研究紀要第79号 「基礎・基本の定着と個性の伸長に関する研究 第3年次」 -035/135page
2 「よさ」を育てる学習指導の基本型
ア 「よさ」を育てる学習指導の基本型
基礎的・基本的な内容を定着させ,一人一人の「よさ」を生かし伸ばすことは短時間に可能なことではない。むしろ,長い目で見た変容を期すべき性格のものと考えられる。したがって,学習指導においては中・長期的な展望に立った継続的な授業実践によって初めて可能になるものと考えられる。
本研究では,意図的,意識的な構成による主題追究のための指導の展開を≪「よさ」を育てる学習指導の基本型≫として,図1−3のようにとらえた。この一連の指導を展開することにより,基礎的・基本的な内容を定着させ,一人一人の「よさ」を生かし,伸ばすことが可能になると考えた。

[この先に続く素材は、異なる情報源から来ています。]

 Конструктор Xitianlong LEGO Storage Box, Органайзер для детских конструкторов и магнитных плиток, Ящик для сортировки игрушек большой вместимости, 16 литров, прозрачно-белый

そして更に,基本型として考えた一連の指導の流れを,各教科でそれぞれ教材,領域を変えて繰り返し実践を展開することにより,児童生徒一人一人の変容がみられ,「よさ」を育てることができるものと考えた。
<図1−3>「よさ」を育てる学習指導の基本型
イ 「よさ」を育てる学習指導の段階
○ 「よさ」の把握
・児童生徒一人一人の「よさ」の把握を二段階に分けて行う。第一段階では児童生徒の全人的な「よさ」,第二段階では児童生徒の教科学習における「よさ」を把握する。

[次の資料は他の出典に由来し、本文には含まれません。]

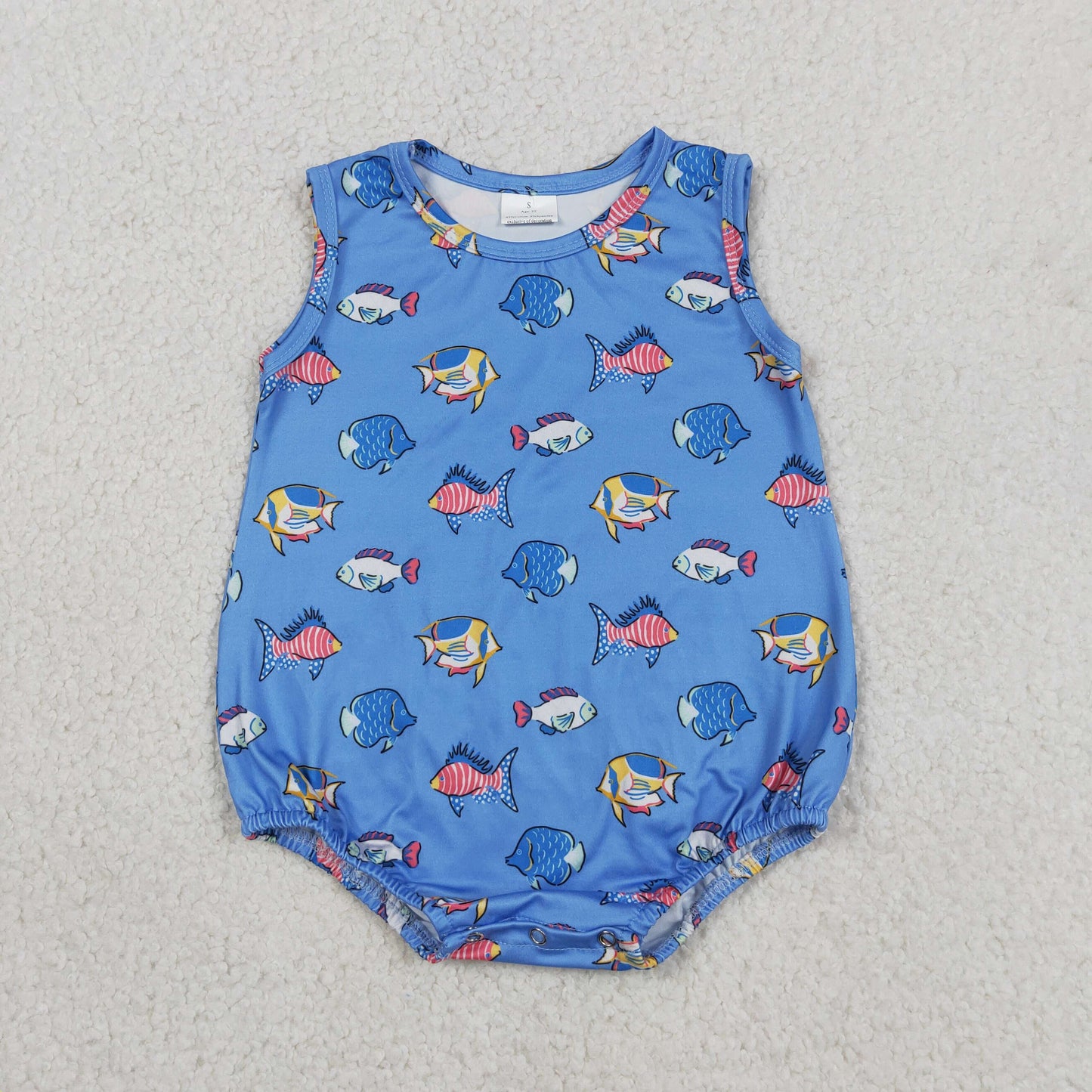 SR4151 Cute Fish Blue Sleeveless Boys Romper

・把握した「よさ」を「個人カルテ」に累積記録する。この「個人カルテ」は,児童生徒一人一人についての「よさ」の把握,「よさ」を生かす指導,「よさ」の意識化の各段階を通して,その記録を累積しておくものである。
「個人カルテ」は,単元の展開に沿って児童生徒一人一人の必要な動きが見えるものであり,かつ精選された内容であることが要求される。
○ 「よさ」を生かす
学習指導の場面で,教材内容と学習指導のかかわりから,事前にとらえた「よさ」を生かしながら多様な学習活動場面を設定する。

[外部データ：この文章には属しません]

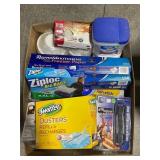 LARGE BOX OF PAPER PLATES, BOWLS, REYNOLDS FREEZER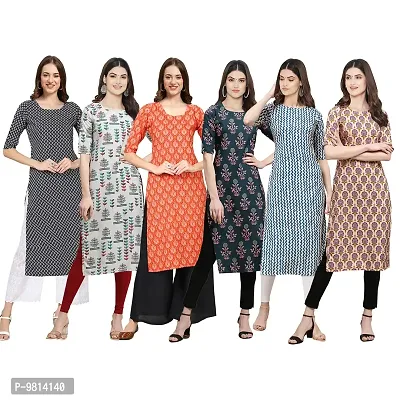 Women Crepe Digital Printed Straight Kurti  Pack of 6-thumb0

「よさ」を生かすためには,児童生徒一人一人の興味・関心,能力.適性等に応じた教材,題材の選定や学習課題の設定が大切になる。また,学習形態についても,個別指導,T−Tによる指導,グループ学習等,児童生徒が多彩な学習活動を展開できるようにする。
○ 「よさ」の意識化
学習内容の定着は,児童生徒に自分の「よさ」を自覚させることが大切な要素になる。児童生徒に自分の「よさ」を自覚させるためには,自分で自分の「よさ」に気づくことだけでは不十分であり,友達や教師など他からも認められることが極めて重要な要素になると考えられる。
そこで,教材,題材内容と学習活動とのかかわりから,児童生徒一人一人の持つ「よさ」を意識化させる多様な学習活動の場面を指導計画の中に位置づける。
○ 「よさ」を伸ばす
「よさ」を生かしながら,適切な教材,題材で意図的な学習指導を繰り返すことによって,「よさ」が伸ばされ,育てられるものと考えられる。